▸ **The problem**
Every line below from the one with "black_spaghetti blue_eyes blue_hair" through the one with "821. Автор - Мартинюк" should be retyped exactly, both ends included; no other lines and no pictures.

▸ **Supplied data**
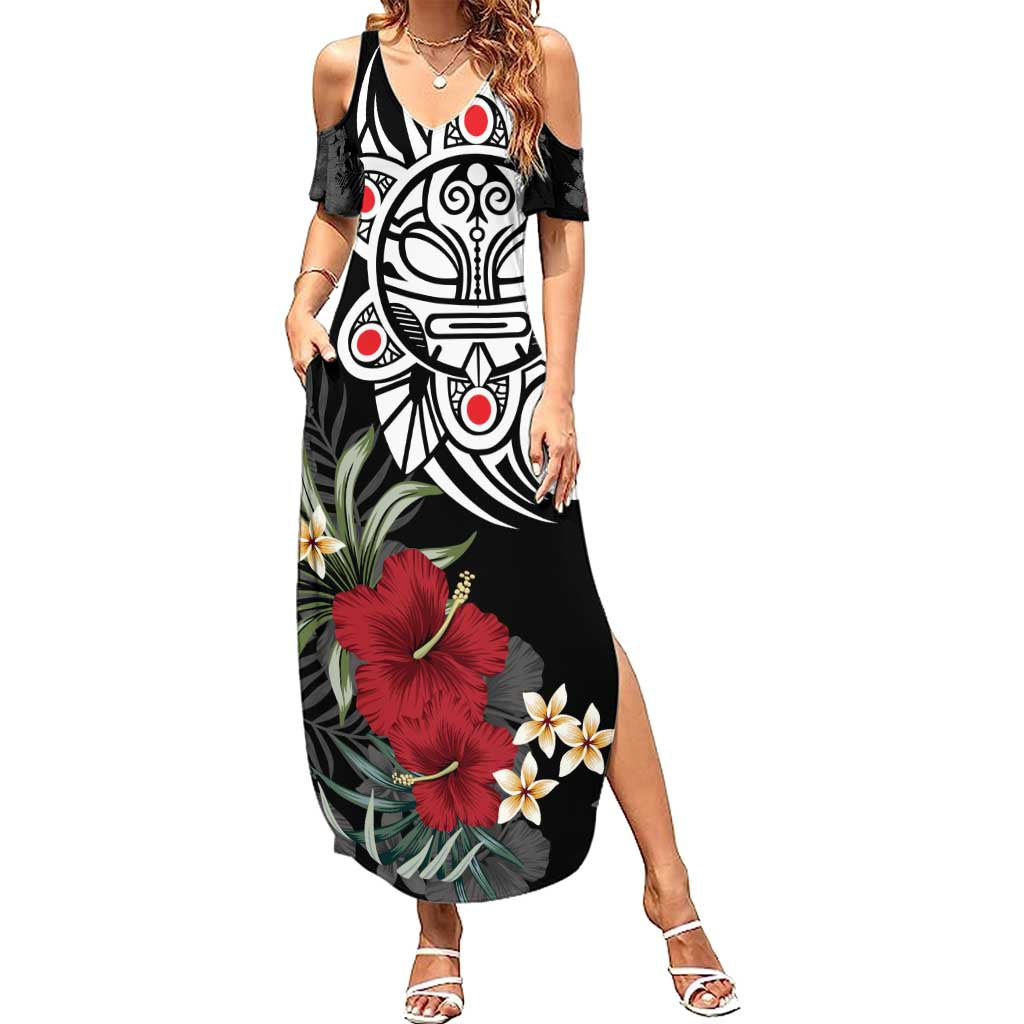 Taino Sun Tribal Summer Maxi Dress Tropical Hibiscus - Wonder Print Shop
* * *
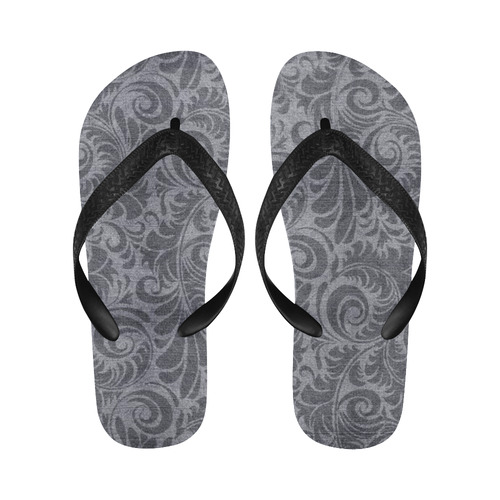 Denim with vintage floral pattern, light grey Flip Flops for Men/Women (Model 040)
---
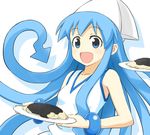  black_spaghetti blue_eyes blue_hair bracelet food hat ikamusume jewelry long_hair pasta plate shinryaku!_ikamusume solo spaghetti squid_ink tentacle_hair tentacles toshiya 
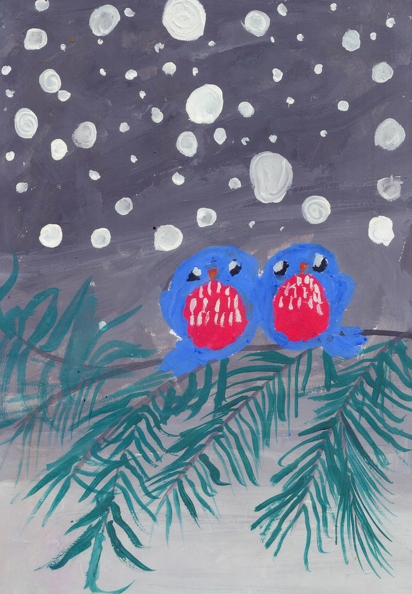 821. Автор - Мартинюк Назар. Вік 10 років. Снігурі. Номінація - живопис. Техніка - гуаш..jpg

▸ **Response for this exercise**
  black_spaghetti blue_eyes blue_hair bracelet food hat ikamusume jewelry long_hair pasta plate shinryaku!_ikamusume solo spaghetti squid_ink tentacle_hair tentacles toshiya 
 821. Автор - Мартинюк Назар. Вік 10 років. Снігурі. Номінація - живопис. Техніка - гуаш..jpg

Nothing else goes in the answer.